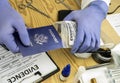 Expert police officer examining American passport of a evidence bag in laboratory of criminology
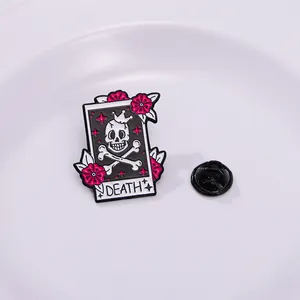 Macro detail of Death tarot card enamel pin with pink flowers on a white plate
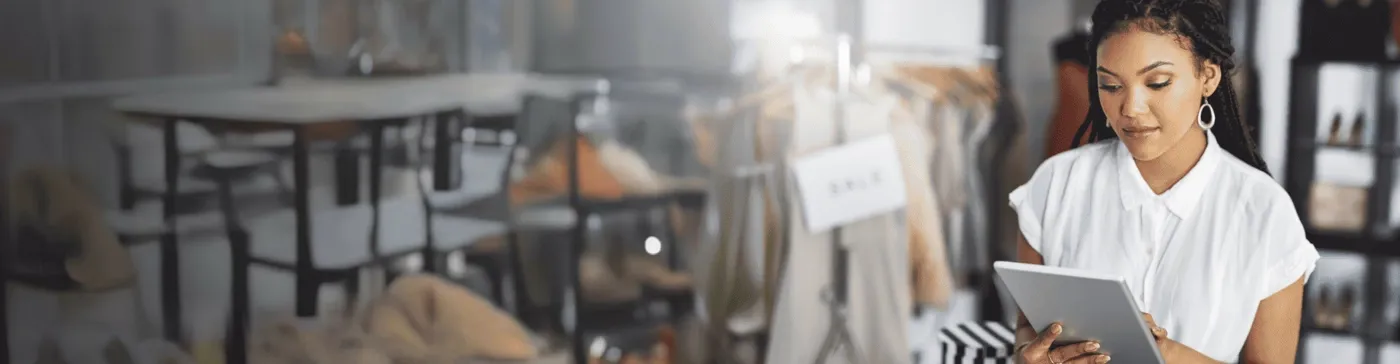 African saleswoman working on a tablet in a clothing store, illustrating TP’s Retail and E-commerce solutions.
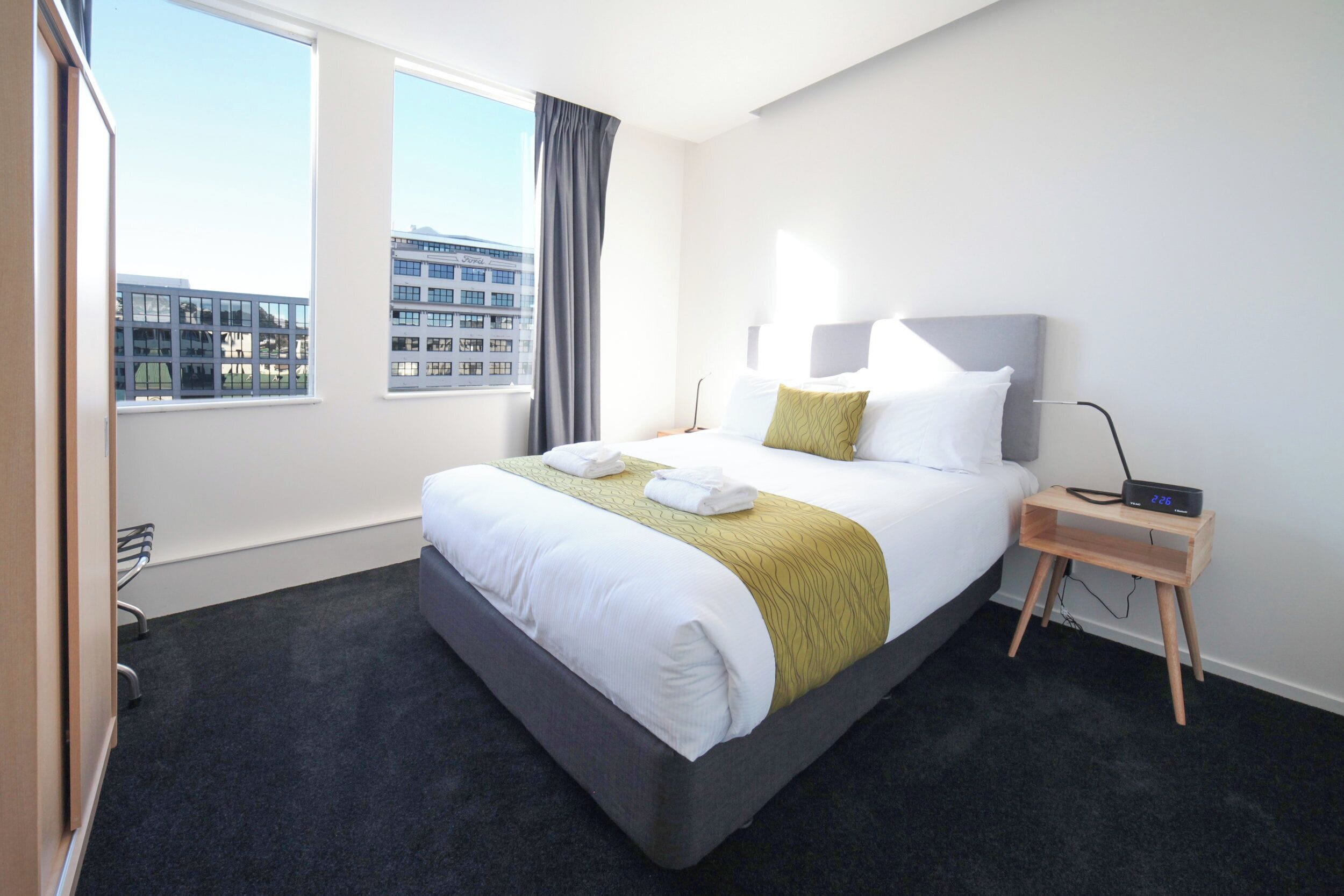 Una habitación de hotel con una cama grande, una mesita de noche con una radio y vistas a edificios a través de la ventana.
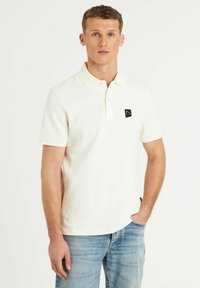 Valge polo särk, mis on valmistatud tekstureeritud kangast, ribikrae ja lühikeste varrukatega. Vasakul rinnal on väike must logo.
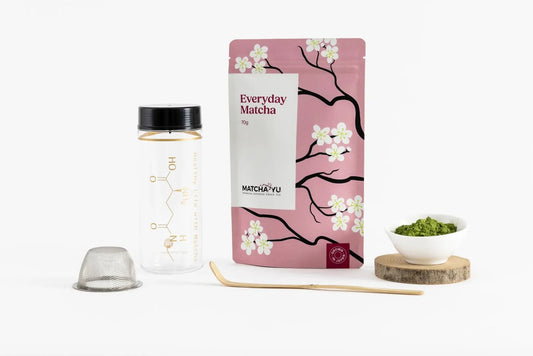 A matcha tea kit on a white background, featuring a pink stand-up pouch with cherry blossom illustrations labeled 'Everyday Matcha' a clear bottle with a black cap, a metal tamper, a wooden spoon, and a small white bowl of green matcha powder on a wooden coaster.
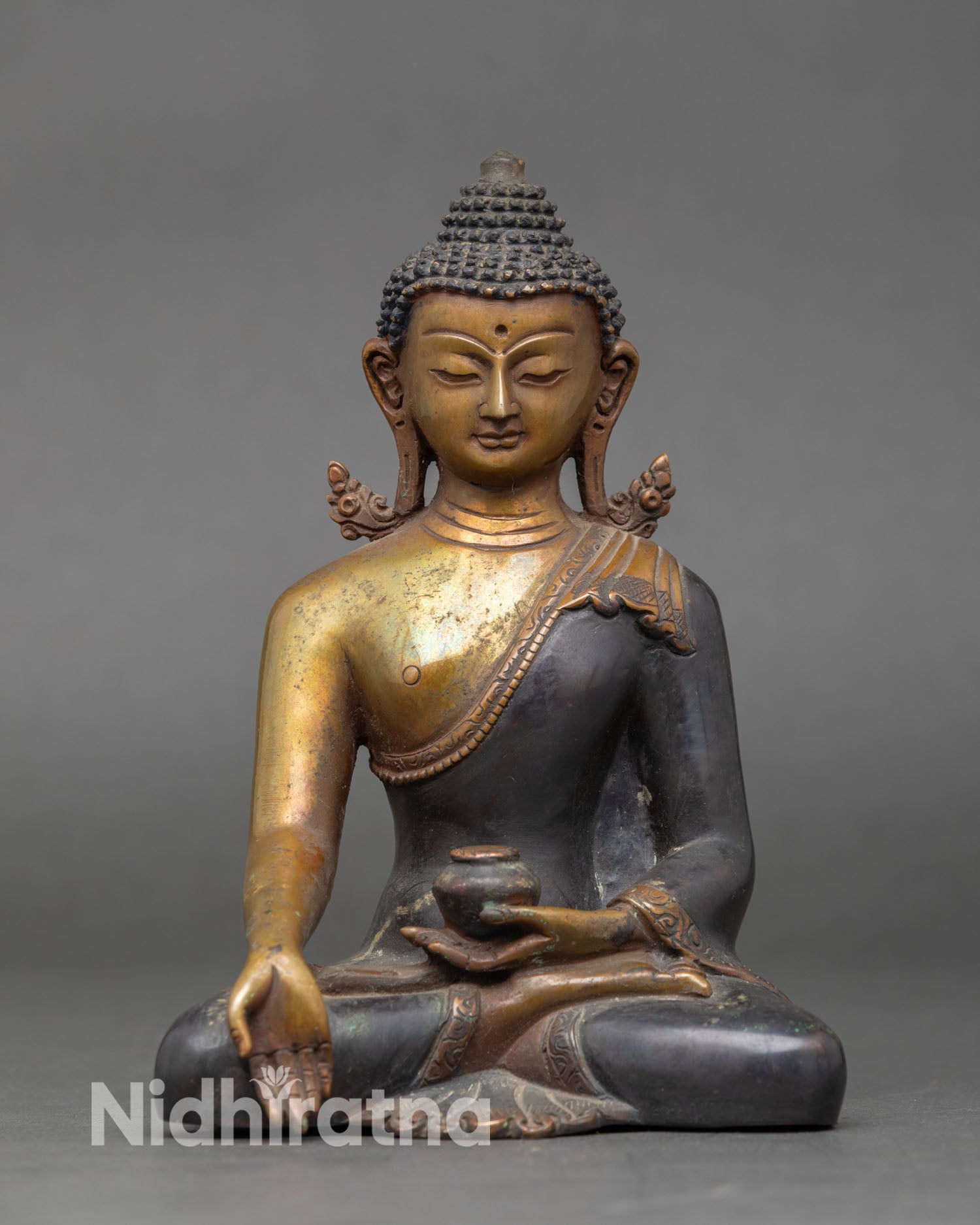 Ratnasambhava Buddha statue Varada mudra gesture of generosity and abundance oxidized copper Himalayan Five Wisdom Buddhas sacred sculpture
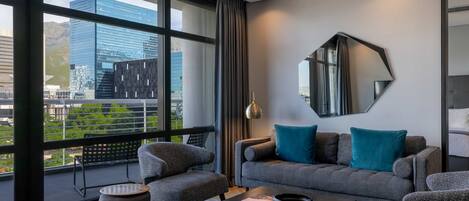 Una sala de estar moderna con un sofá gris, cojines color turquesa, una mesa de centro redonda y un ventanal con vistas a la ciudad.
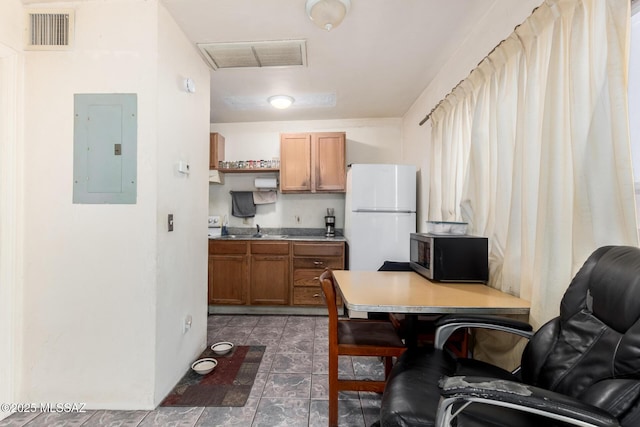 kitchen with visible vents, brown cabinets, electric panel, stainless steel microwave, and freestanding refrigerator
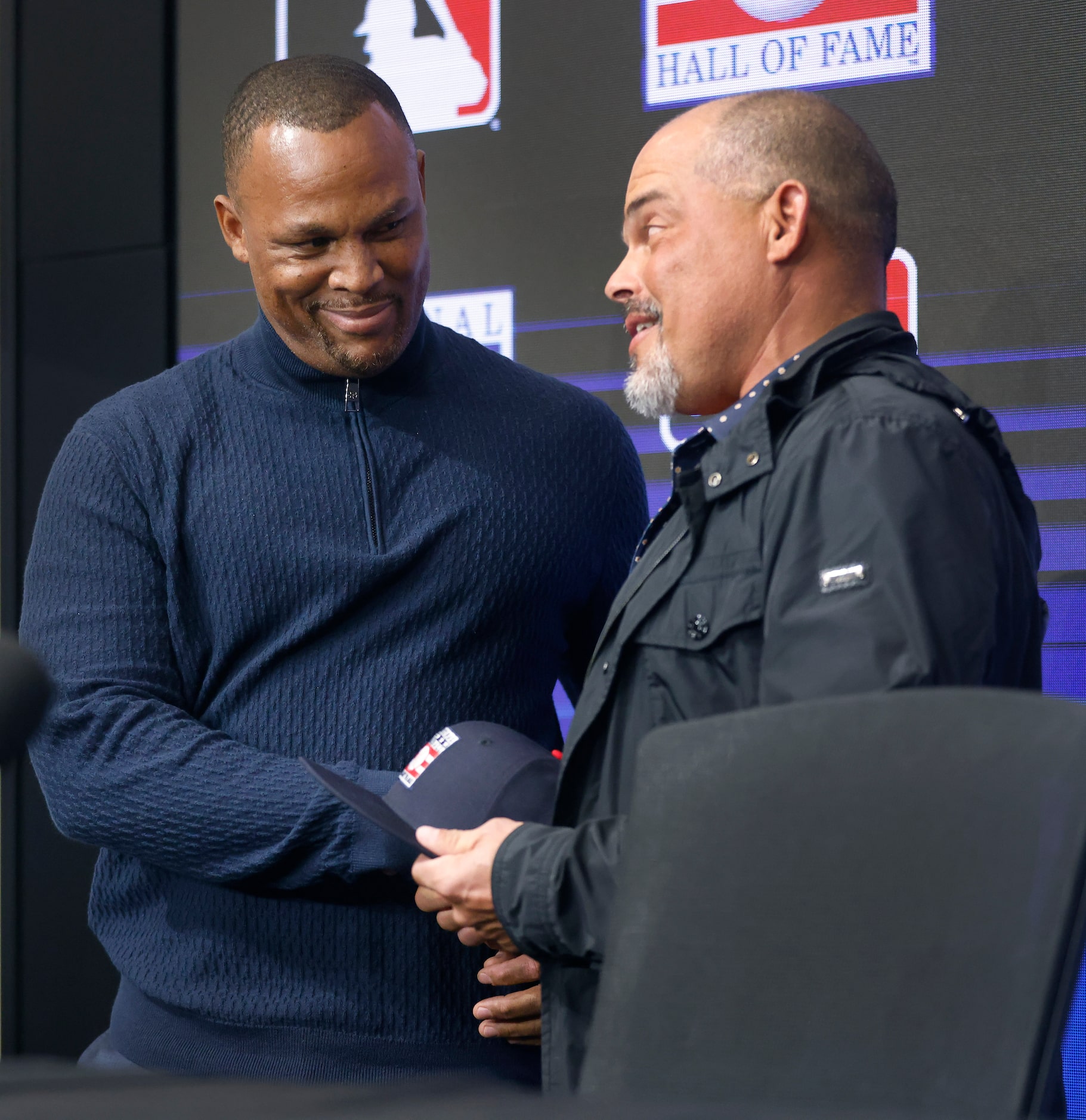 Texas Rangers Hall of Famer Ivan ‘Pudge’ Rodirguez (right) congratulates former Rangers...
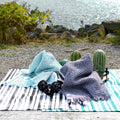 Two textured waffle kitchen towels, one blue and one purple, on a striped kitchen towel with cacti in a natural setting from Hem And Tassel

++++++

• [The task]:
Retype all of the listing above exactly, but keep its pictures out.

• [Task answer]:
 Expert police officer examining American passport of a evidence bag in laboratory of criminology
 Macro detail of Death tarot card enamel pin with pink flowers on a white plate
 African saleswoman working on a tablet in a clothing store, illustrating TP’s Retail and E-commerce solutions.
 Una habitación de hotel con una cama grande, una mesita de noche con una radio y vistas a edificios a través de la ventana.
 Valge polo särk, mis on valmistatud tekstureeritud kangast, ribikrae ja lühikeste varrukatega. Vasakul rinnal on väike must logo.
 A matcha tea kit on a white background, featuring a pink stand-up pouch with cherry blossom illustrations labeled 'Everyday Matcha' a clear bottle with a black cap, a metal tamper, a wooden spoon, and a small white bowl of green matcha powder on a wooden coaster.
 Ratnasambhava Buddha statue Varada mudra gesture of generosity and abundance oxidized copper Himalayan Five Wisdom Buddhas sacred sculpture
 Una sala de estar moderna con un sofá gris, cojines color turquesa, una mesa de centro redonda y un ventanal con vistas a la ciudad.
 kitchen with visible vents, brown cabinets, electric panel, stainless steel microwave, and freestanding refrigerator
 Texas Rangers Hall of Famer Ivan ‘Pudge’ Rodirguez (right) congratulates former Rangers...
 Two textured waffle kitchen towels, one blue and one purple, on a striped kitchen towel with cacti in a natural setting from Hem And Tassel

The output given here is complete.